Ross Petty’s Panto Promises Pinocchio, Pigs, and a Practical Princess in ‘Snow White’

If you’re looking for a sure-fire way to tell what time of year it is (i.e. if you’ve somehow sailed through malls and supermarkets with your ears unscathed by early November Christmas carols) then look no further than Ross Petty Productions’ annual pantomime. When the posters begin to pop up for Petty’s sweetly satirical brand of fractured fairy tales, it’s obvious beyond any hint of snow that the holidays are upon us.

Seventeen years in the running, Ross Petty’s panto has become an annual tradition for many, but this is isn’t even the first time Snow White has been done. Not to mention that this year, there’s been enough mirror-mirroring of the Snow White saga on the big screen to have one looking for a prince to dutifully whisk you away from it all!

But don’t worry, this isn’t your grandma’s – or granddaughter’s – Snow White. In true Ross Petty fashion, this annual pantomime promises a refreshingly different take on a story that, going by the Grimm Brothers Fairy Tales 200th anniversary this year, is at least two centuries old.
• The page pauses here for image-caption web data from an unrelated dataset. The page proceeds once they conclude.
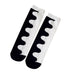 Pair of black and white wave-patterned socks laid flat with mirrored design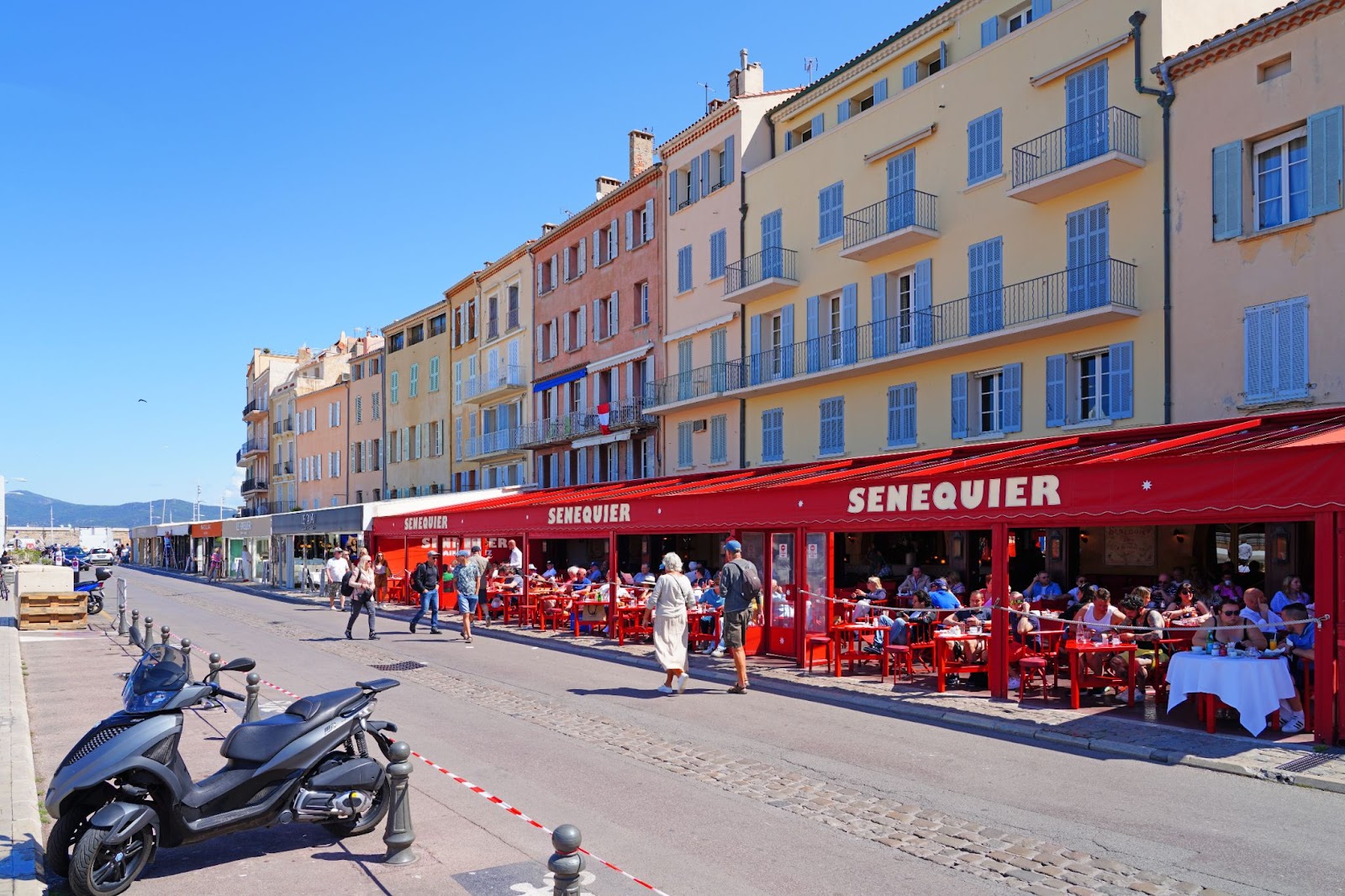 Café Sénéquier in Saint-Tropez with its signature red awning and outdoor seating filled with guests along a pastel-colored building-lined waterfront street under a clear blue sky.
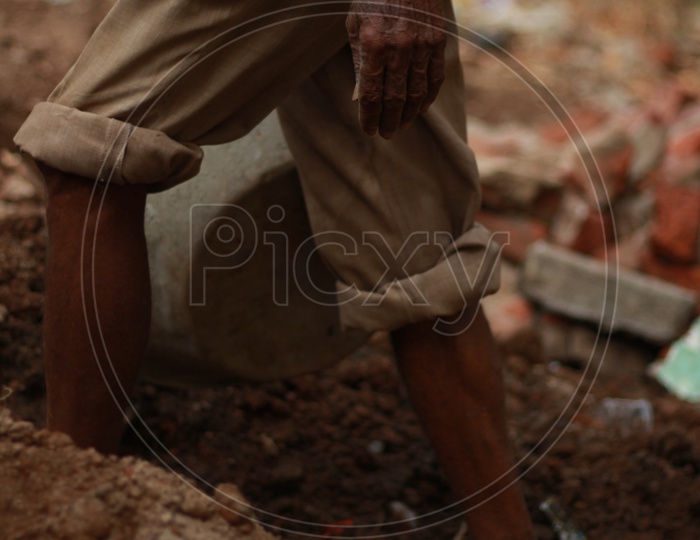 Indian Man with his pants rolled up during the work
How different? James-Bond-007-featuring different. Don-Cherry-suit-wearing-little-pig different. Pinocchio and Red Riding Hood even make appearances, that’s how different. So, this is one fractured fairy tale you won’t want to miss.

Reid Janisse Photo by Gesilayefa Azorbo

Cadence had a chance to speak to two members of the cast of this year’s show, Billy Lake and Reid Janisse, during a press day at The Elgin Winter Garden Theatre recently.

Both Lake, a Shaw Festival regular who plays Pinocchio, and The Second City’s Janisse, who plays Ham (the smartest of the Three Little Pigs) are making their Ross Petty Productions debut with this year’s panto. Both actors are also Toronto-based, and they each agree that it is the perfect production to participate in over the holidays.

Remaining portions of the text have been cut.